'Mission: Impossible 6' Will Have Its Own Style
What's great about the Mission: Impossible series is that every installment has its own flavor. Each filmmaker, from Brian De Palma (Dressed to Kill) to J.J. Abrams (Star Wars: The Force Awakens) to Brad Bird (Tomorrowland), brought their distinct style to the franchise. This past summer, with Mission: Impossible – Rogue Nation, writer/director Christopher McQuarrie (Jack Reacher) left his identifiable mark on the series. McQuarrie is returning to direct the sixth installment in the Mission: Impossible franchise, but that doesn't mean we should expect to see the same vision twice.
After the jump, read what McQuarrie had to say about the Mission: Impossible 6 style.
Rogue Nation was new territory for the filmmaker, but it still ended up feeling like a Christopher McQuarrie film. The writer/director's work is defined by clean storytelling, often relying more on action than exposition to tell a story. While Mission: Impossible 6 will retain McQuarrie's voice — and Rogue Nation co-star Rebecca Ferguson – the filmmaker told us he wants to push both himself and the sequel in a different direction:
"My desire as a filmmaker is to always be a better filmmaker than I was on the previous film. I'm not a filmmaker interested in stasis. I really want to grow and push myself. I think if you look at the three films I've done — from The Way of the Gun to Jack Reacher to Mission: Impossible — I think it's very clear there's a distinct voice that runs through them, and they're each sort of expanding, in terms of the storytelling and use of technology. I'm learning on each movie the mysteries of this technical craft or that technical craft. I had things I specifically learned from this movie I want to apply to the next. I gotta imagine it'll look different. Let's put it this way: if it looks the same, I'll be disappointed."
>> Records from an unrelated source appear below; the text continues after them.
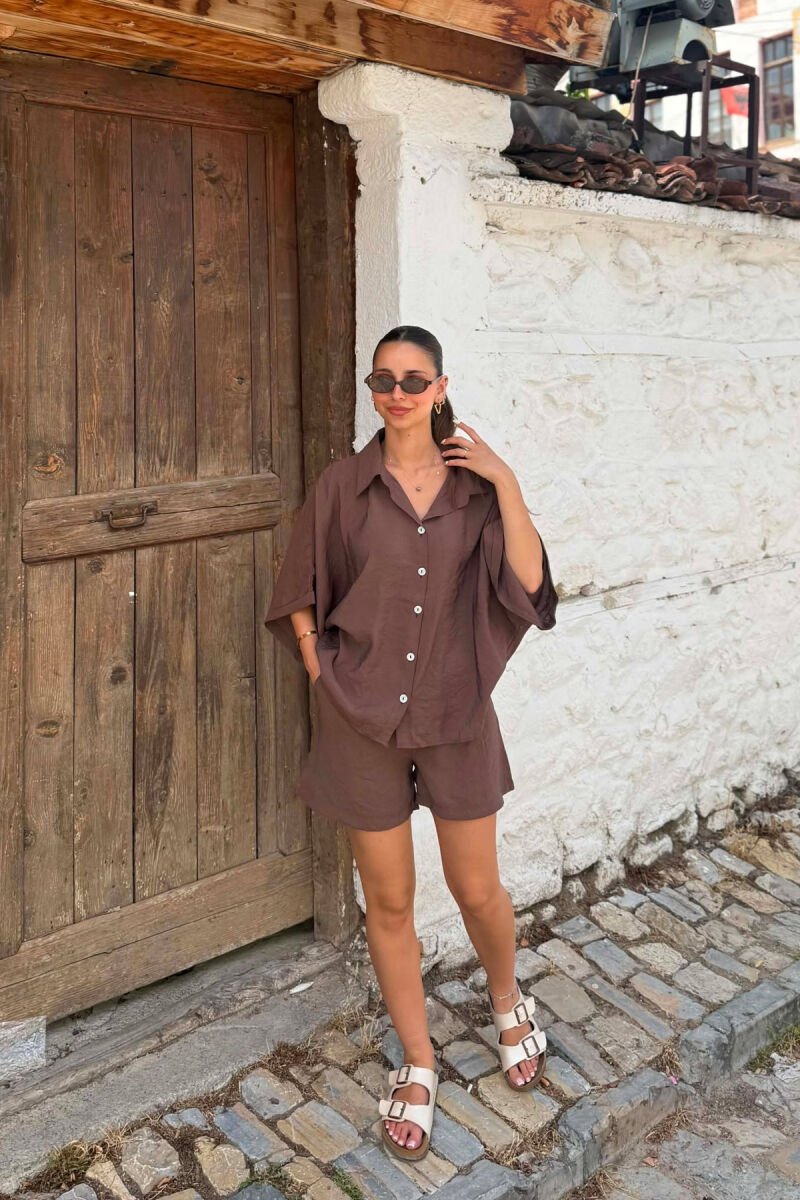 SET KEMISHE + PANTALLONA TE SHKURTRA PER FEMRA NE NGJYRE KAFE - 4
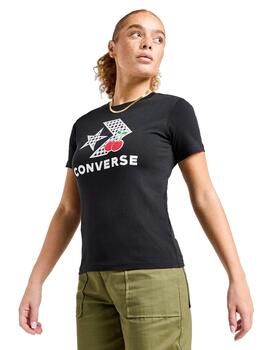 Camiseta Converse Cherry Star Chevron Mujer Negro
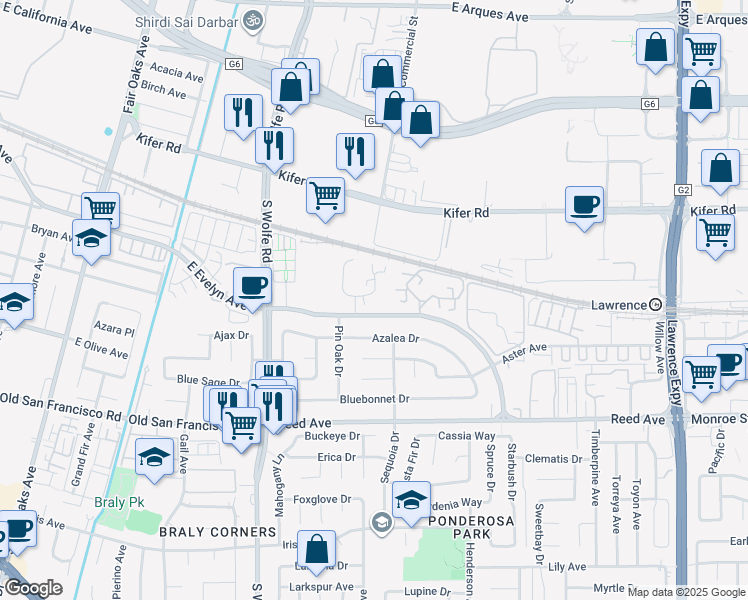 map of restaurants, bars, coffee shops, grocery stores, and more near 236 Red Oak Drive in Sunnyvale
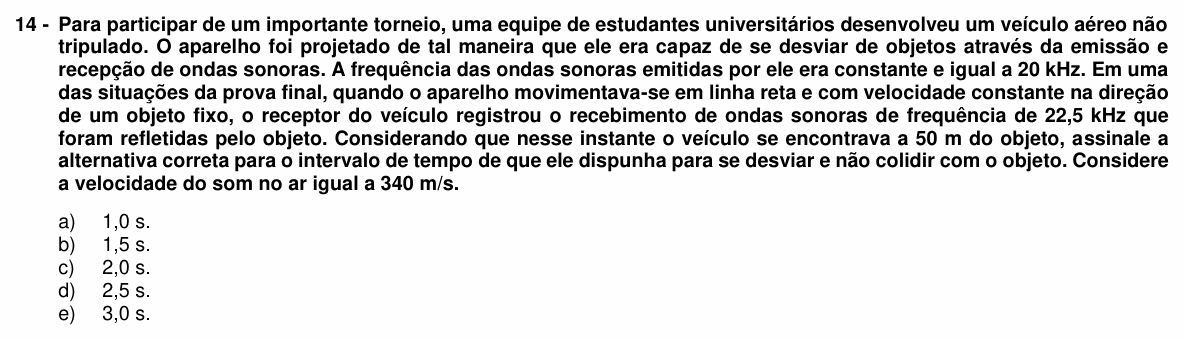 Enunciado da questão 14 de Física do UFPR 2015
Mission: Impossible – Rogue Nation was refreshing in its scale. McQuarrie didn't feel the need to always go big, especially with the opera house sequence and the final set piece. If there's one lesson he learned from Rogue Nation he'll apply to future films, it's that you don't always need the largest explosions or car wrecks:
"I think the biggest thing I learned is you don't always need as much as you think you do. The motorcycle sequence was originally so much bigger, so much longer, and so much more involved. There were so many action sequences in the movie. You can make a bigger movie with less, and I'm determined to do something leaner, less heavily reliant on plot, and a little stripped down."
Mission: Impossible – Rogue Nation is available on DVD and Blu-Ray on December 15th.